Please return the lines below verbatim, beginning at the one that has "As you can see, the" and stopping after the one that has "Under common settings, you", and add no other lines.
======== EXERCISE INPUT
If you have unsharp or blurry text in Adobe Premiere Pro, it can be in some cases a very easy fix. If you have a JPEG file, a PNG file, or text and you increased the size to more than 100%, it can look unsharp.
================
======== EXERCISE INPUT
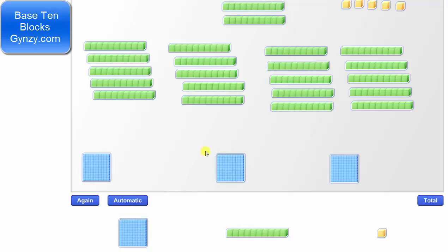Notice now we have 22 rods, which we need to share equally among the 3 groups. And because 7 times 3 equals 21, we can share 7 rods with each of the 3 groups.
================
======== EXERCISE INPUT
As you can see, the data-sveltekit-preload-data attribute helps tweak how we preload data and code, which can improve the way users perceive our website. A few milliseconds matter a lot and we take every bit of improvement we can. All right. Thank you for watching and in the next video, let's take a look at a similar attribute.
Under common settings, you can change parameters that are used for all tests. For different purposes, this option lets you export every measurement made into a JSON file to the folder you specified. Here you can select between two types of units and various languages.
================
▸ ANSWER
As you can see, the data-sveltekit-preload-data attribute helps tweak how we preload data and code, which can improve the way users perceive our website. A few milliseconds matter a lot and we take every bit of improvement we can. All right. Thank you for watching and in the next video, let's take a look at a similar attribute.
Under common settings, you can change parameters that are used for all tests. For different purposes, this option lets you export every measurement made into a JSON file to the folder you specified. Here you can select between two types of units and various languages.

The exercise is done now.